Analysts expect to hear more of the same on Friday morning, when the Labor Department reports on what happened in the job market last month. That is to say, they think that the job growth of recent months continued apace, neither accelerating enough to start bringing the unemployment rate down nor slowing enough to raise fears of another recession.
The consensus prediction is that 125,000 new jobs were added in November, right in line with most estimates of how many jobs need to be added each month to keep up with an ever-growing population. Reflecting that, forecasters also expect the unemployment rate to be unchanged at 9 percent for the third straight month.
That pace would mean job growth had accelerated since 80,000 jobs were added in October.
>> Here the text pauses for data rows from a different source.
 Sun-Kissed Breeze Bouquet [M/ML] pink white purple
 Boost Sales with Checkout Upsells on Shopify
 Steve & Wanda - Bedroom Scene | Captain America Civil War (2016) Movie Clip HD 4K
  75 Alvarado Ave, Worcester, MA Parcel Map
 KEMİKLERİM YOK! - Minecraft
But along with the November report, the Labor Department will announce its revisions to the October numbers. Here we must pay careful attention: For three months running, the agency’s initial report has shown fairly weak job creation, but those numbers have then been revised upward in subsequent months. If that pattern holds, then job growth will turn out to have been stronger in October than the 80,000 number would suggest.
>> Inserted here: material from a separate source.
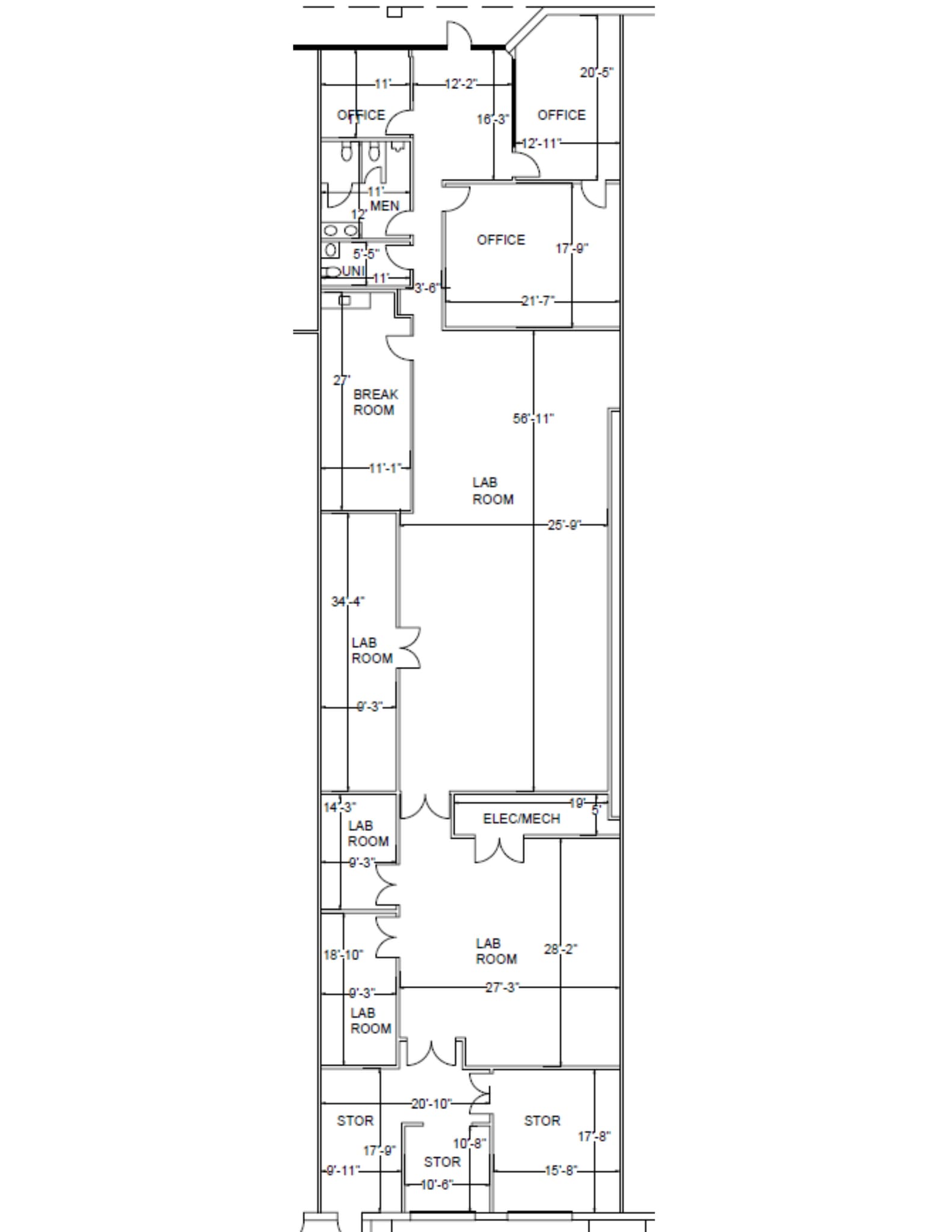 2260 Northwest Pky, Marietta, GA à louer Plan d’étage– Image 1 sur 1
Other data released this week have painted a mixed picture on jobs. The number of people filing new claims for unemployment insurance benefits edged up last week, to 402,000 from a revised 396,000, according to a Thursday report. Still, the rise in claims actually reflects a longer-term downward drift — as recently as September, the nation was averaging 422,000 claims a week.
Also Thursday, the Institute for Supply Management said its index of activity at manufacturing firms rose to 52.7 from 50.8. Numbers above 50 indicate expansion at the nation’s factories. But a question in the survey about plans for hiring showed a gloomier response. Employers’ plans for hiring more workers slipped 1.7 percentage points to an index of 51.8, from 53.5.
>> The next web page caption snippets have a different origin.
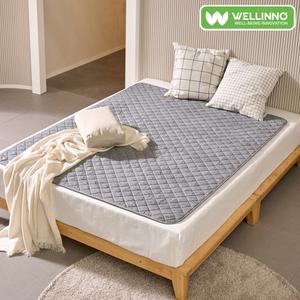 곰표한일 전기요 전자파차단 전기장판 EMF 탄소매트 진그레이 더블 대형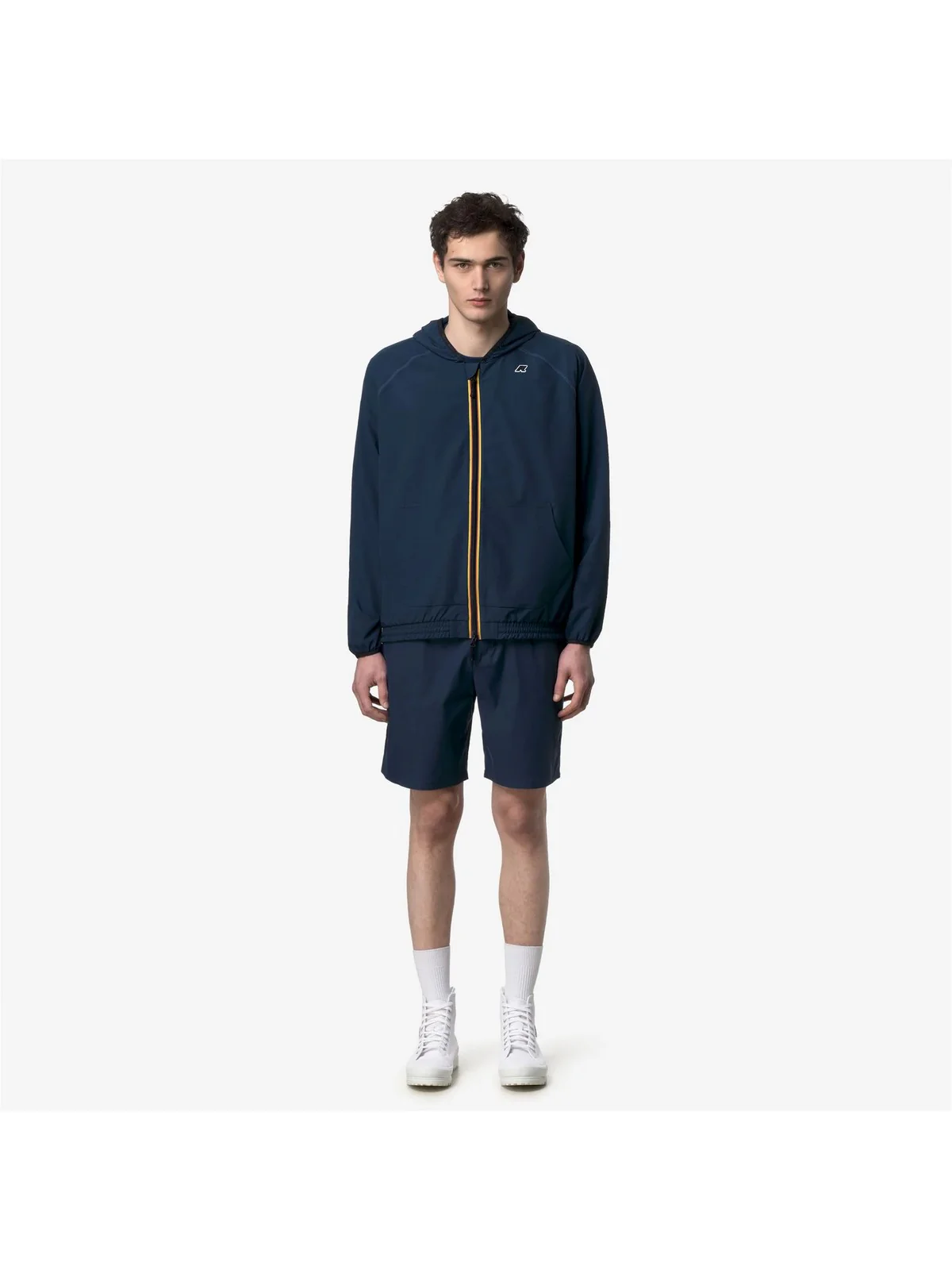 K-WAY Giubbino Uomo SIA K8138RW B67 Blue Insignia - Image 4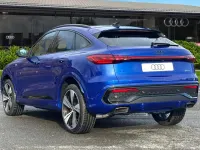 New Audi Q5 Sportback Comfort 268 HP (197 kW) 2025 Blue SUV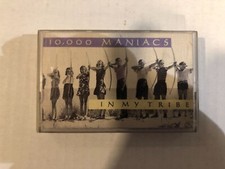 10,000 Maniacs 1987 Cassette Tape In My Tribe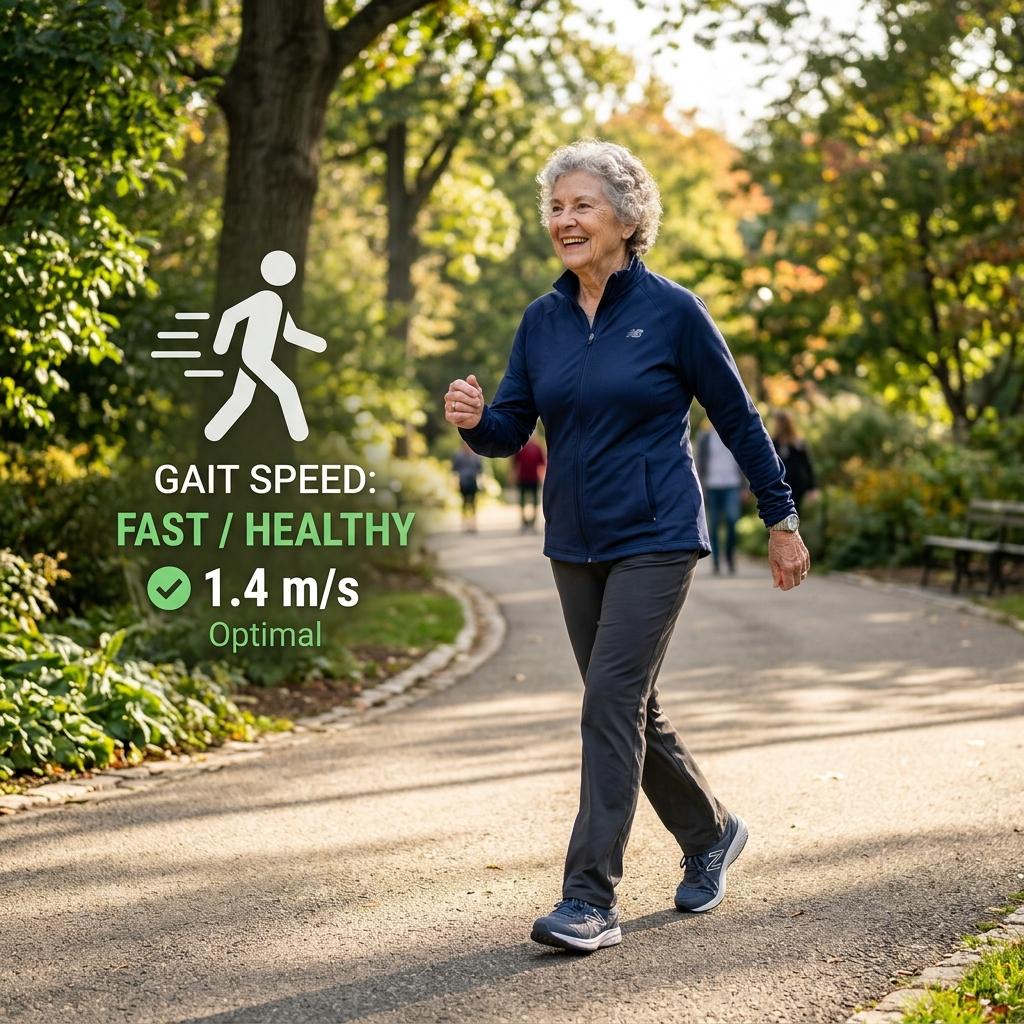 Gait speed: why geriatricians call it the fifth vital sign
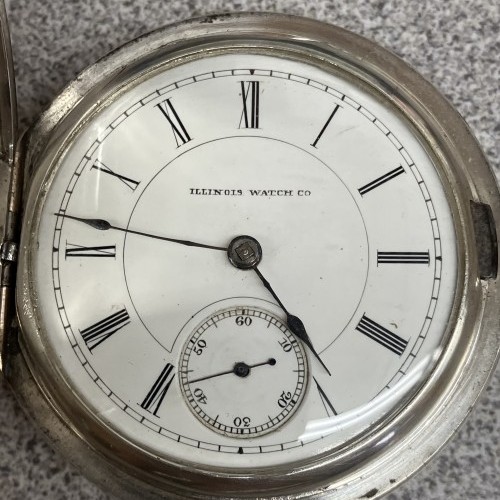 Illinois Grade 2 Pocket Watch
On Wednesday, the payroll processing firm ADP said that its count of workers on U.S. payrolls suggests that the private sector gained about 206,000 jobs in November, though ADP’s estimates and the official government data have frequently diverged.
For October, a range of indicators pointed to economic improvement: Retail sales, industrial production and business activity all showed increases, signaling that firms have little choice but to add staff to handle rising business.
But the signs of progress were not uniform. A report last week on October durable goods orders, for example, gave a softer outlook for business investment than earlier data had suggested. And the economy grew at only a 2 percent rate in the July through September quarter, the Commerce Department said last week, less than the 2.5 percent originally estimated.
The question ahead of the November unemployment report, then, is whether we will get a clearer view of where things stand in the U.S. economy: Is the pace of growth — and hence job creation — expanding gradually? Or is the combination of an overhang of debt and deep uncertainty from the financial crisis overseas holding employers back?